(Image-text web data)
:::::

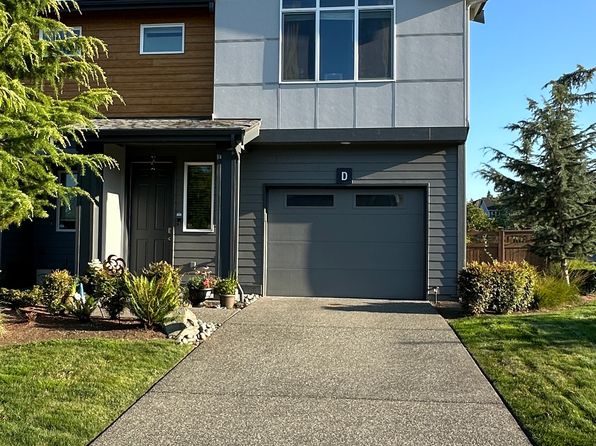 3626 194th Pl SE UNIT D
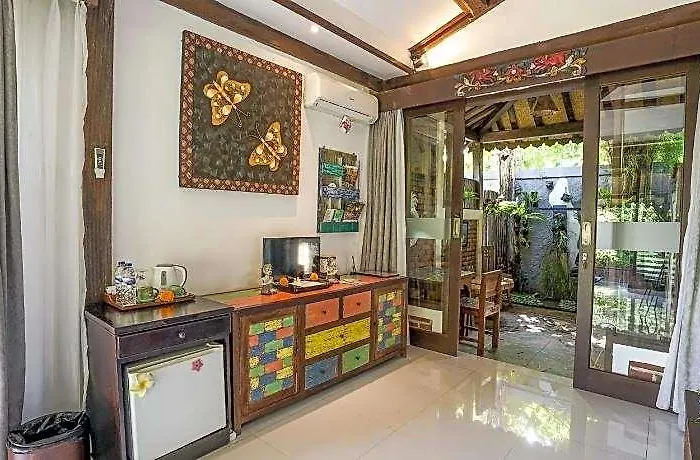 Resort Kts Balinese 4*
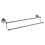 Balterley Double Towel Rail 1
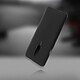 Acheter Avizar Coque Oneplus 7 Pro Silicone Protection Antichocs et rayures Ultra Fine Noir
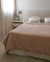 Saia de cama - Linha Cozy - Linho misto - Sant´Alberti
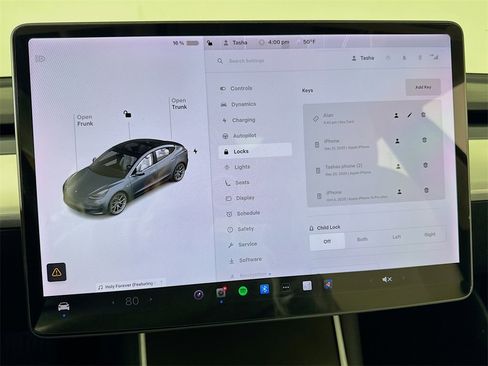 Used 2019 Tesla Model 3 Long Range image 25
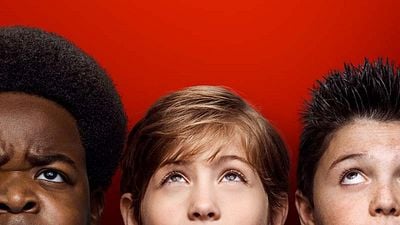 "Uslu Çocuklar" ABD Gişelerini Birbirine Kattı! haber görseli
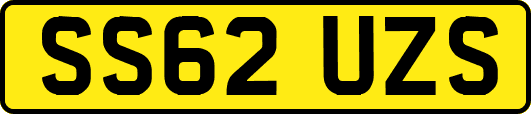 SS62UZS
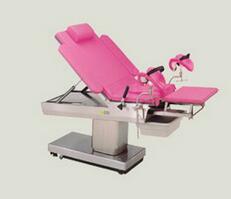 電動婦科床 GL-B2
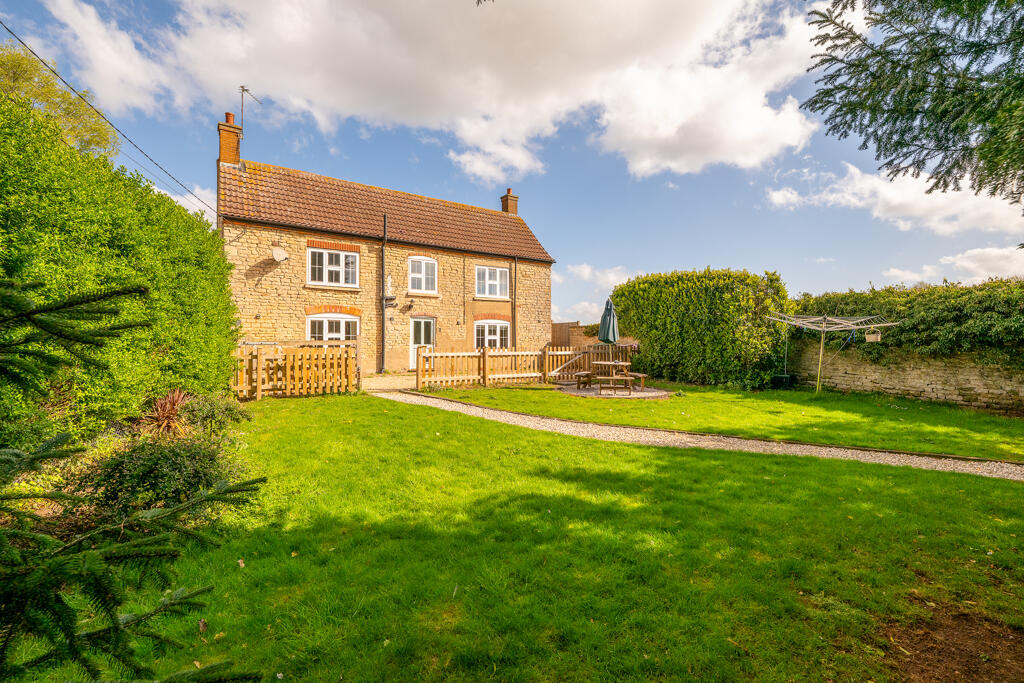 Main image of property: Church Farm Cottages, Barff Road, Potterhanworth, Lincoln, Lincolnshire, LN4 2DU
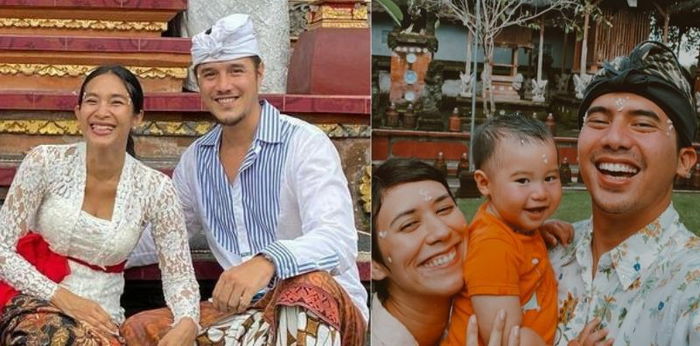 5 Artis Tanah Air yang Merayakan Nyepi, Penuh Damai dan Sukacita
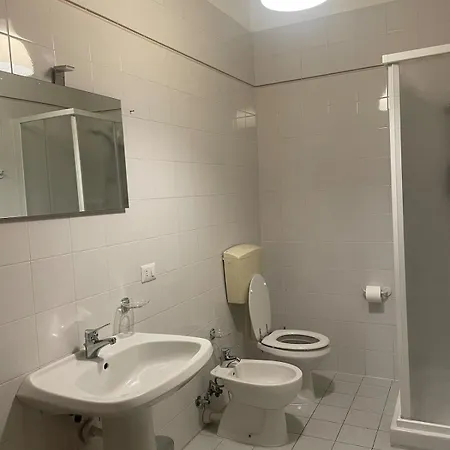 Apartment Casetta Le Risaie Prato (Prato)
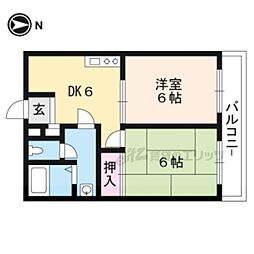 アヴェニール向陽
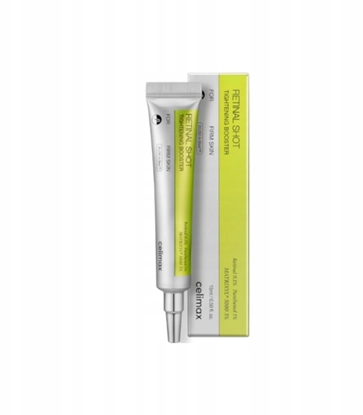 Attēls no CELIMAX_Retinal Shot Booster serum wygadzajce do twarzy 15ml
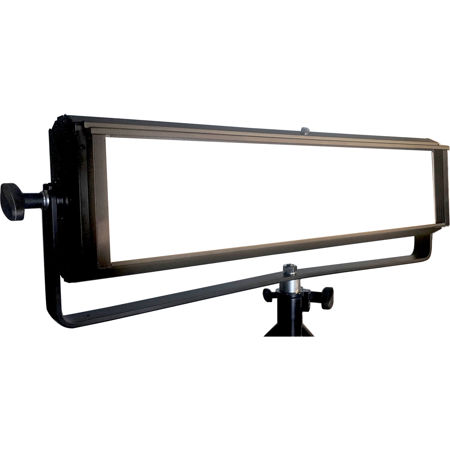 DeSisti SoftLED 2XL VW LED Softlight White Light w/ Tunable CCT, Manual Operated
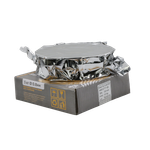 Проволока сварочная порошковая Basic E71T-GS д.0,8 (5кг) START STB71850
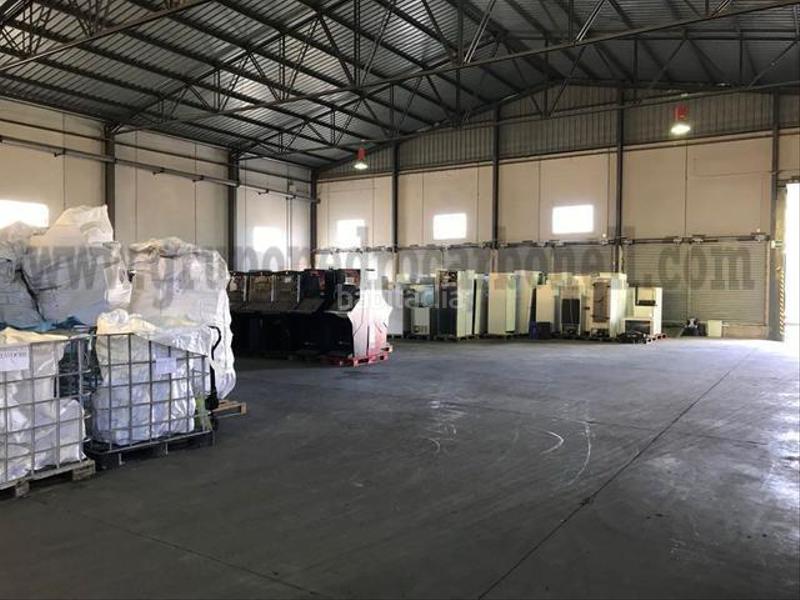 Foto 69bf5924-9d6a-4cce-ad18-476bc46777b2. Rent industrial building in Crevillente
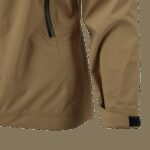 HELIKON SQUALL HARDSHELL TorrentStretch(R) Jacket – Taiga Green - obrazek 7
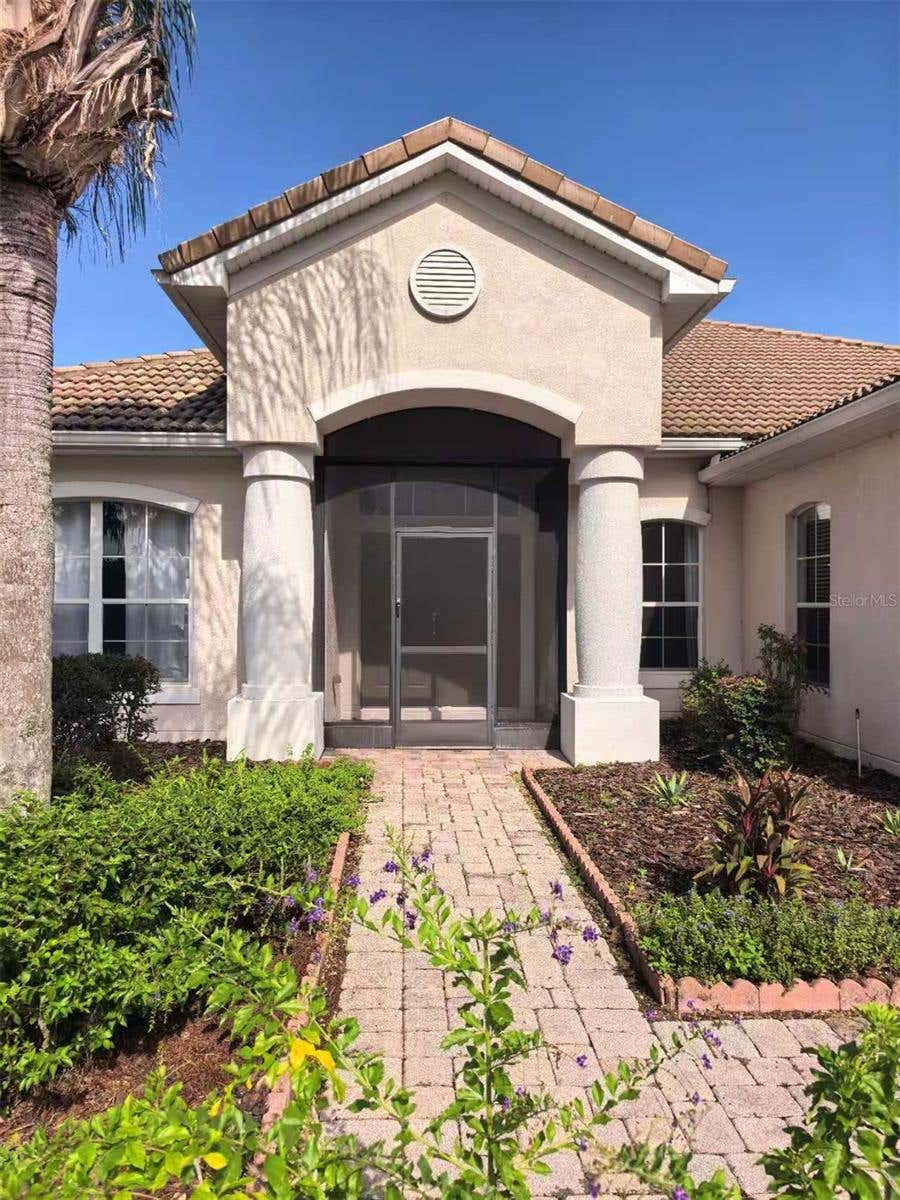 Photo of 3520 Shorewood Drive, Kissimmee, FL 34746 (MLS # O6423212)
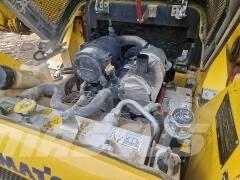 Komatsu SK 820-5 Мини-погрузчики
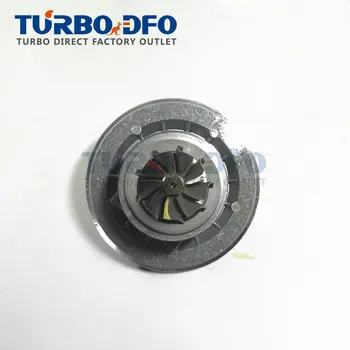 GT2052S Garrett turbo core CHRA Vyvážené 710641 pre Ssang-Yong Rexton 2.9 TD 88Kw 120HP OM662 - kazety turbíny NOVÝCH 710641-5003S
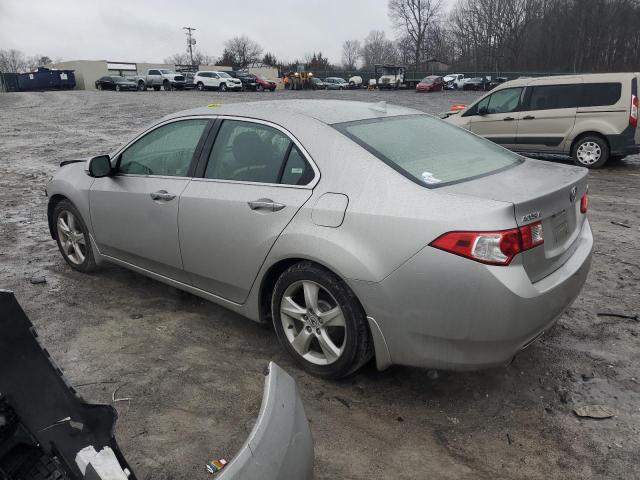 Photo 1 VIN: JH4CU26619C006408 - ACURA TSX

:::::

EXERCISE AIM ▸ Give again, exactly, the lines starting at the first entry above and ending at the line with "Attēls no CELIMAX_Retinal"; please leave pictures out.

OUTPUT OF THE EXERCISE ▸
 3626 194th Pl SE UNIT D
 Resort Kts Balinese 4*
 Balterley Double Towel Rail 1
 Acheter Avizar Coque Oneplus 7 Pro Silicone Protection Antichocs et rayures Ultra Fine Noir
 Saia de cama - Linha Cozy - Linho misto - Sant´Alberti
 Used 2019 Tesla Model 3 Long Range image 25
 "Uslu Çocuklar" ABD Gişelerini Birbirine Kattı! haber görseli
 SS62UZS
 電動婦科床 GL-B2
 Main image of property: Church Farm Cottages, Barff Road, Potterhanworth, Lincoln, Lincolnshire, LN4 2DU
 5 Artis Tanah Air yang Merayakan Nyepi, Penuh Damai dan Sukacita
 Apartment Casetta Le Risaie Prato (Prato)
 アヴェニール向陽
 Attēls no CELIMAX_Retinal Shot Booster serum wygadzajce do twarzy 15ml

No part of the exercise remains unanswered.